でも、こういう慰問は何故か楽しい。ぷるぷる震える手で拍子を合わせる老人がいる。介護士の助けを借りて踊る老女がいる。鼻にチューブを付けられた車椅子に無表情の老婆は、ジミーが『ジョージア』と唄うときだけ口と目を懸命に開け『じょおじあぁぁぁ』と語り唄った。

帰り際にひとりの女性が話し掛けてきた。

『あなたはピアノが上手だわ。私も昔はピアノを弾いて唄っていたのよ』
『そりゃすごい。この次はぜひ聴かせてください』
『今はもう弾くことが出来ないわ』
『そんなことを言わないで、練習しておいてくださいよ』
『そうね、やってみようかしら』

みんな長い人生を様々に送ってきた大先輩たちなのだ。短い時間だったが少しエネルギーを貰った。
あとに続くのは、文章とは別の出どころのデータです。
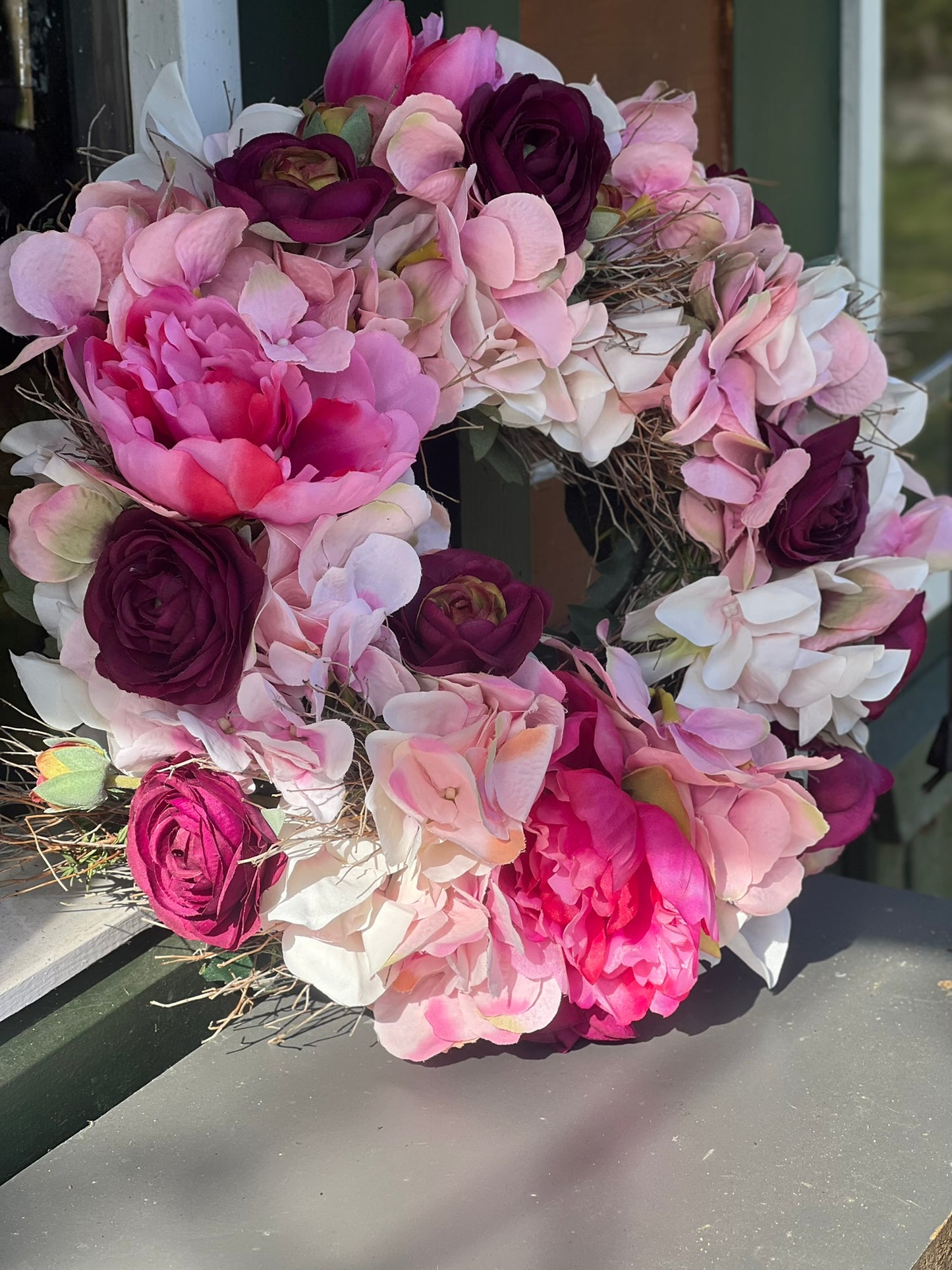 Frühlingskranz aus täuschend echten Blüten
夜はSOBで、60キロほど南西に走った郊外の高級レストランでのカウントダウン・パーティ。淑女と紳士でごった返す大晦日の祝宴は、9時半の開演を1時間も遅らせた。客が入り過ぎて、オレたちがステージにするはずの2階バルコニーにまでテーブルをセットしてしまった挙げ句、片付けるのに手間取ったためだ。んんん・・・バルコニー???
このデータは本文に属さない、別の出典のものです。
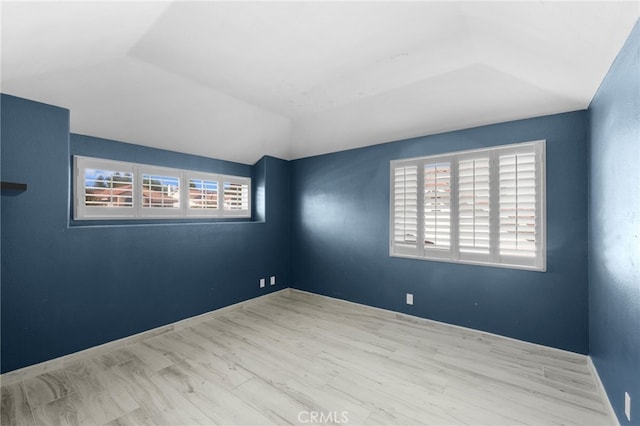 spare room featuring vaulted ceiling and light wood-type flooring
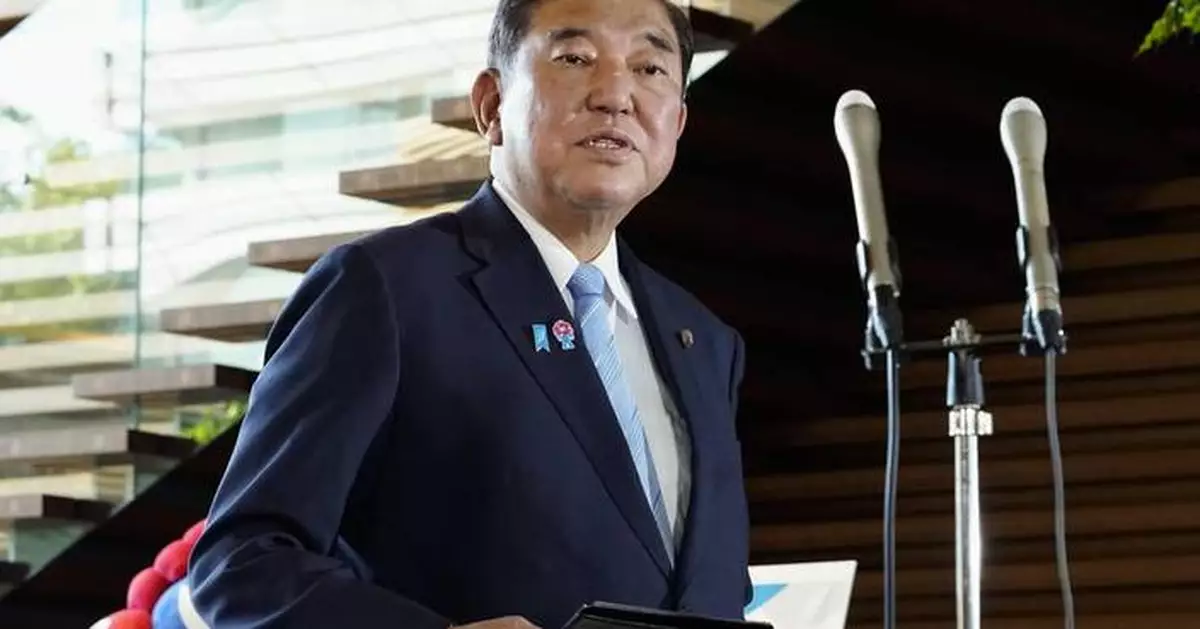 Heavy rain slams southern Japan, triggering floods and mudslides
小学校の講堂ほどの広さの1階フロアーは吹き抜けになっており、2階のパーティルーム前の20畳程のバルコニー(内側に張り出た桟敷き)から階下が望める。但し、2メートル四方ほどの変型の穴が二つあるだけなので、わざわざ前に立たないと下からは演奏風景が見えない。いつも端に追いやられ、椅子に座っているオレやモーズなど音しか聴こえはしない。

そういや以前、チャンネル9の朝のニュース番組に出演したときも、5時からスタンバイしていたのに一等端のスタジオ常設グランドピアノに座っていたオレは、ピアノは映れど姿が見えなかった。
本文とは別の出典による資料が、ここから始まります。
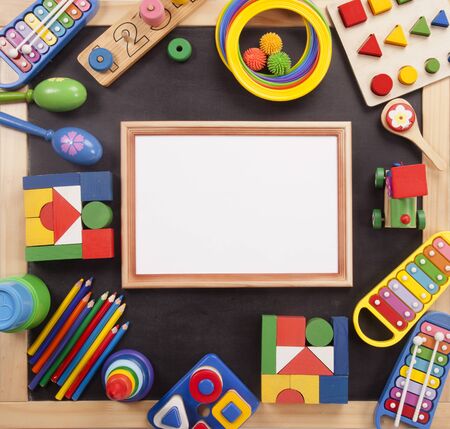 Color toys border on the black deskの写真素材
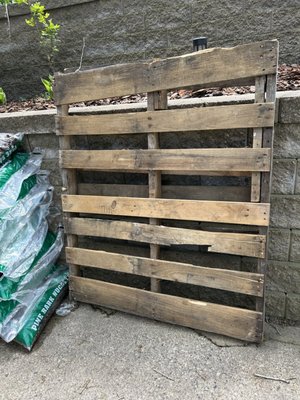 This pallet was left after I order 20 bags of mulch. After numerous phone calls they refuse to pick it up. I was told to put it in my car.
へいへい、メインを取りたければTのように自分のピアノトリオでもすればってことでしょうよ。

絢爛たるタキシードとドレスに赤毛ザルがちょろちょろし疲れると、ついつい家路を急いでしまう。行きは時間がなかったから高速を使ったが、帰りは下道でのんびりと思っていたのに、結局同じ道を辿って有料道路に乗っていた。小銭を持ち合わせていなかったので、料金所で1ドル札を差し出し、クオーター2枚(¢50)の釣りを待っていると係員が『丁度1ドルよ』と吐いた。えっ、来しな50セントだったのに・・・はっ!

そういや最近、「もうすぐ料金所」の看板の金額表示が消されていて訝しがっていたばかりだ。こいつらオレに断わりもなしに値上げするつもりだなと警戒をしていた。日付けが新年に変わって料金が倍になった!道理で自動徴収のレーンでは、丁度の料金を入れたと勘違いしてプップクとクラクションを鳴らすヤツが多いと思った。普段新聞を読まず、テレビニュースも観ない自分が悪い。

暫くしてミツワへ通ずるいつもの有料道路に入る。ここは今まで40セント取っていた。果たして料金所の係員は、差し出した1ドルのお釣にわずか20セントしか寄越さなかった。

うーむ、50円程が100円程になるのは痛い。ミツワへの往復100円程が200円程になるのは痛い。そして今までクオーター(¢25硬貨)、ダイム(¢10)、ニッケル(¢5)一枚づつで40セントを掘ぉり込んでいたのに、これからどういうコインの組み合わせをしたら良いのか悩んでしまう。